Prime Minister Alexis Tsipras’ outright rejection of a proposal from Greece’s international lenders last week prompted an angry response from European Commission President Jean-Claude Juncker over the weekend.
“Today’s conversation will be very helpful to find a final solution,” Varoufakis said after his meeting with Schaeuble in the German finance ministry, without giving further details.
Varoufakis said the talks took place in an “extremely friendly manner”, adding that both ministers had a common understanding of the problem.
“It is a duty for us politicians to try to find an agreement. This is absolutely essential for the European Union,” he said.
A German finance ministry spokesman declined to comment on the meeting, adding both ministers had agreed confidentiality.
In an interview with German newspaper Der Tagesspiegel, however, Varoufakis criticised the latest proposal by Athens’ lenders as counterproductive.
“You only make such a proposal if you actually don’t want to reach an agreement at all,” Varoufakis said, according to interview excerpts published on Monday. He also repeated Athens’ call for debt restructuring.
Varoufakis, who joined the radical left government of Prime Minister Alexis Tsipras after January’s election, has vehemently resisted the painful economic measures that Greece’s creditors say are necessary to steady its finances.
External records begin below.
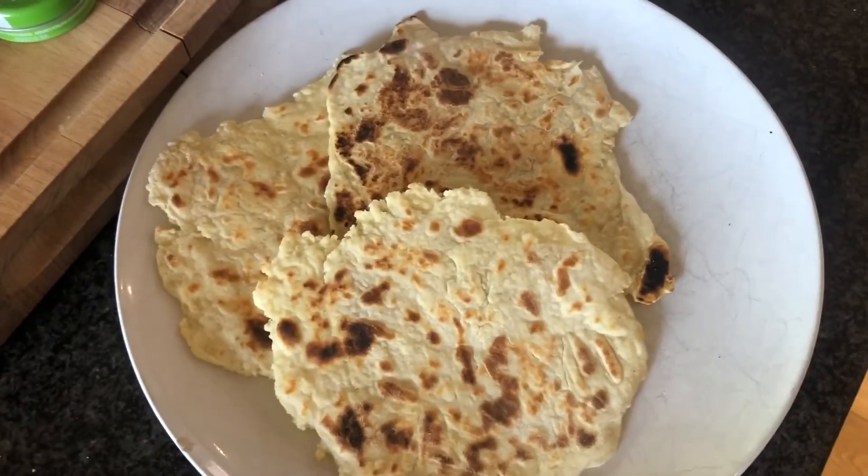My son's just come down — he loves them, so he's going to have a go already. Tell me Benj, good? Yay! So they're absolutely brilliant — give them a go, super easy. Good day!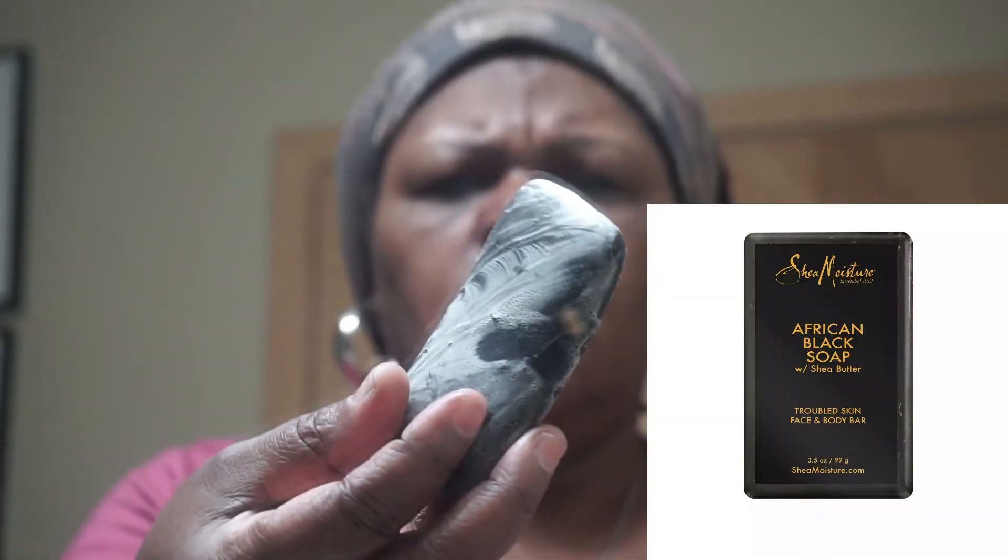I don't have this in a box right now but I do keep it in a container. This is my black soap — I'll bring it close to you guys so you can see. As you can see, I use it a lot. Any type of black soap works for the skin and hair routine.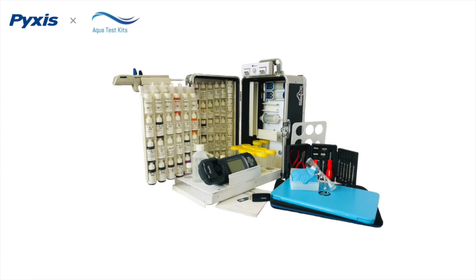The Pixis SP910 is now compatible with liquid reagent solutions available from AquaTest Kits as an alternative to the powder pillow reagents.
However his outspoken remarks have sometimes seemed counter-productive and Tsipras sidelined him last month when he re-shuffled his team to negotiate with the lenders.
On Sunday, Varoufakis called on German Chancellor Angela Merkel to give his country a “Speech of Hope”, to signal Europe was ready to end its demands for austerity, similar to that given to Germany at the end of World War Two.
In Berlin, Varoufakis is also expected to meet lawmakers from governing and opposition parties in the afternoon and to give a speech in the evening on Greece’s future in Europe.